Thomas Begley's father, Billy, and Seán Kelly embrace at the commemoration

‘I offer no excuse that will change how any of these innocent people and families will think about myself or Thomas or the IRA as a result of this operation. I am truly sorry for the loss of life and the injuries that were suffered that day and for the suffering the families have endured’ – Seán Kelly

THE reaction to the unveiling of a plaque in memory of IRA Volunteer Thomas  ‘Bootsey’ Begley on Sunday 20 October in Ardoyne, north Belfast, couldn’t have been any more predictable and stage-managed as unionist after unionist fought to outdo each other in their condemnation of the commemoration.

BBC Radio Ulster’s Nolan Show on Monday 21 October became a platform for incensed unionists who believe republicans don’t have the right to honour their dead in the first place, thus reinforcing the hierarchy of victimhood that has been so cleverly constructed and used to criminalise republicans, living or dead.

One nationalist caller to the BBC programme described the young IRA Volunteer whose bomb exploded prematurely, killing himself and nine other people, including two children, as “a soldier of Ireland”.

The horrified presenter asked with incredulity: “What kind of a soldier goes out to kill a 13-year-old child?”

Thomas Begley didn’t. But what kind of soldier does go out to kill a 13-year-old child?

In 1981, Julie Livingstone, just 14, was shot dead by a British soldier as she returned home from a local shop on the Stewartstown Road in west Belfast.

The soldier, a member of the Prince of Wales Regiment, fired a plastic bullet round from a heavily-armoured vehicle, hitting the schoolgirl in the head. She died in hospital the following day.

The British soldier who killed Julie lied about the circumstances of her killing, claiming there was rioting with petrol bombs being thrown. He refused to attend her inquest to explain his actions.

In April 1982, 11-year-old Derry schoolboy Stephen McConomy, like hundreds of other children in the city, made his Confirmation. Two weeks later, he was dead. He was shot and killed by a plastic bullet, fired by a British soldier just yards from his home in the Bogside.

The St John’s Primary School pupil had been out playing with friends on 16 April when a member of the British Army’s Royal Anglian regiment shot him in the head with a plastic bullet.

Eyewitnesses tried to go to the boy’s aid but were prevented from doing so by British soldiers who threatened to shoot them. Eventually, Stephen was taken to Altnagelvin Hospital and then immediately transferred to the Royal Victoria Hospital in Belfast, where he died three days later.

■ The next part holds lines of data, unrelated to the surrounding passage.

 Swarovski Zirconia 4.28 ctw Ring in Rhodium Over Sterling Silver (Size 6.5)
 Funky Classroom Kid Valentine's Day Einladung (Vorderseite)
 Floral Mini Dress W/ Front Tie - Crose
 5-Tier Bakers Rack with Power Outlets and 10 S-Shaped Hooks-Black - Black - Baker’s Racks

The British soldier who killed Stephen took the plastic bullet gun off the designated gunner and leaned over the driver to fire out a side window. The British military claimed the gun jammed and he was clearing it and pulled the trigger twice. They also claimed the gun was not accurate and that it did not fire in a straight line. Conveniently for the accused, the gun was later destroyed, despite the fact that it was involved in the death of a child.

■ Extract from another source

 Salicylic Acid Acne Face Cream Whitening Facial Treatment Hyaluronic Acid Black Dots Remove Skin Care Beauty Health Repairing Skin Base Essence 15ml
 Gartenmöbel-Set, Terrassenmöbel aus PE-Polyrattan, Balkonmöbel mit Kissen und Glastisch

The killers of these children had (and still have) the full backing of the British military, the British Government and the unionist political establishment.

So if the British state or its media and any of its broadcasters want to discuss issues to do with victims and perpetrators then it should realise that the debate is wider than the narrow anti-republican agenda they have set and propagate.

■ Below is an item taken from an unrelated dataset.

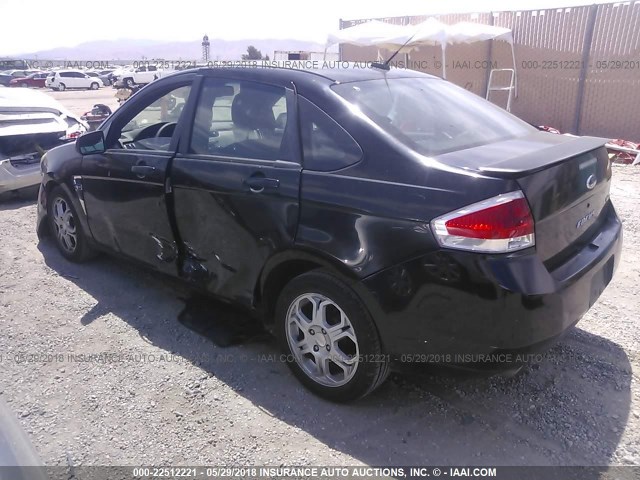 1FAHP35N98W185832 - 2008 FORD FOCUS SE/SEL/SES BLACK photo 3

Seán Kelly, who was part of the IRA unit alongside Thomas Begley and was seriously wounded when the bomb exploded on the Shankill Road, spoke at the commemorative event. He said he was “truly sorry for the loss of life”.

Addressing a crowd of several hundred he described the explosion in Frizzell’s fish shop as “an IRA operation that went tragically wrong”. He added:

“I offer no excuse that will change how any of these innocent people and families will think about myself or Thomas or the IRA as a result of this operation. I am truly sorry for the loss of life and the injuries that were suffered that day and for the suffering the families have endured.”